Flash forward to 9 months ago and the birth of my children.  Lilah and Jonah changed my perspective.  My long time friend was suddenly pushed back in the pecking order.  Love her as I do, I cannot put her ahead of my own flesh and blood.  I am forced to pay more attention to them than her, forced to push her away when she gets to close to my children.  It isn't fair, and I swear I could see that in her eyes.  I have been torn for months now, Bonnie has steadily become depressed, always laying on the couch staring at me.  She no longer runs towards me, or interacts with me like she used to.  I am not being fair to her, and I hate it but I cannot help the decision that I had to make. 

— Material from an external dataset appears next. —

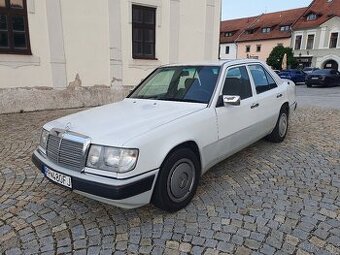 Mercedes W124 200E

Tonight my wife sent me a text, "its done.  She is gone."  My world crumbled around me, no more little bundle of warmth on my couch next to me, no more smell of fritos over taking me when I shake out blankets. Our relationship was not always happiness and joy, there were many times that I got so angry at her that I put her little ass in her cage and left her there to sulk.  I wasn't the perfect daddy to her, I know this.  I hope the new family that she belongs to treats her better than we have of late, I hope they will shower her with affection and love that she deserves.  She is a wonderful little companion and she deserves to be loved again. 

So, its with saddness in my heart that I say Goodbye Bonster.  I will miss you and I hope you are happy again.